Though we won’t know for some time what path “The Knick” takes—it may be 2017 before we see a third season, if Cinemax ultimately decides to renew the series—the fragmented season finale in fact suggests several options, including a panoramic, global epic of the Progressive Era. Might we follow the intrepid Cornelia to Australia, and do so in the hands of a female filmmaker? Sofia Coppola’s already done period pieces (“The Virgin Suicides,” “Marie Antoinette”) with a postmodern punk edge not dissimilar from “The Knick,” and Aussie native Gillian Armstrong (“My Brilliant Career,” “Oscar and Lucinda”) has a strong grip on the landscape. Might we see the birth of psychoanalysis through Algernon’s eyes, guided by Steve McQueen (“12 Years a Slave”) or John Singleton (“Boyz n the Hood”)?

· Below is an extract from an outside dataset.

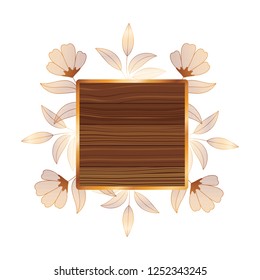 frame in wooden with branches and leafs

Though I’d wager, if pressed on the issue, that Amiel and colleague Michael Begler approach this embarrassment of narrative riches with a time jump that finds everyone back in New York, fortune favors the bold, and I hope the new version of “The Knick” is even more strange and free-spirited than the original. Indeed, there’s at least one fan of “The Knick” with the cinematic expertise to shift the series’ focus from the blood to the nerves without losing its dynamism. “Pan’s Labyrinth” and “Crimson Peak” filmmaker Guillermo del Toro has shown a knack for channeling tumultuous places and times (Victorian England, Franco’s Spain) into sumptuous psychological horror, and he says he loves “The Knick” “desperately.”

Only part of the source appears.